↓

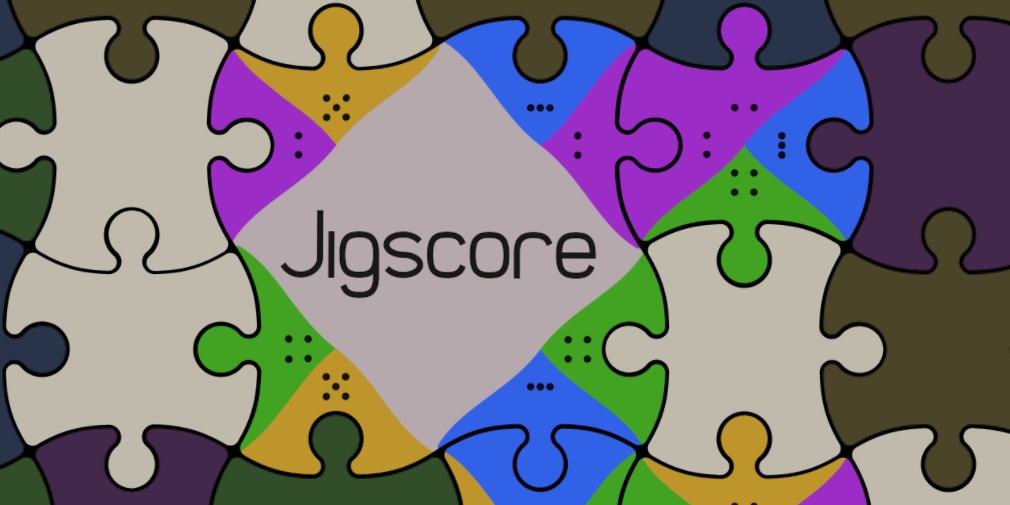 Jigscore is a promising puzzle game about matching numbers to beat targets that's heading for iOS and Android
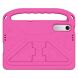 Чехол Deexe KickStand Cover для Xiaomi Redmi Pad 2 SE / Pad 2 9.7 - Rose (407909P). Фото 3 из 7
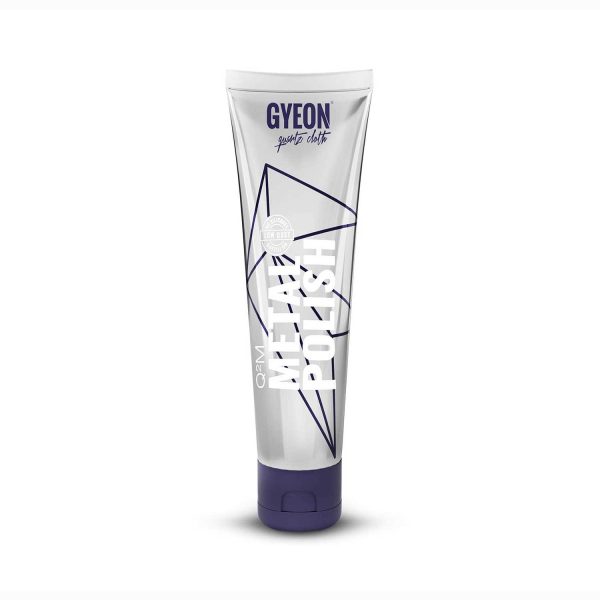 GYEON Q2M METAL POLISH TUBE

↑

- _TO DO_:
Every line from the one containing "Чехол Deexe KickStand" through the last line of the data, both included, is to be repeated exactly; the pictures are to be left out.

- _WRITTEN RESPONSE_:
 Чехол Deexe KickStand Cover для Xiaomi Redmi Pad 2 SE / Pad 2 9.7 - Rose (407909P). Фото 3 из 7
 GYEON Q2M METAL POLISH TUBE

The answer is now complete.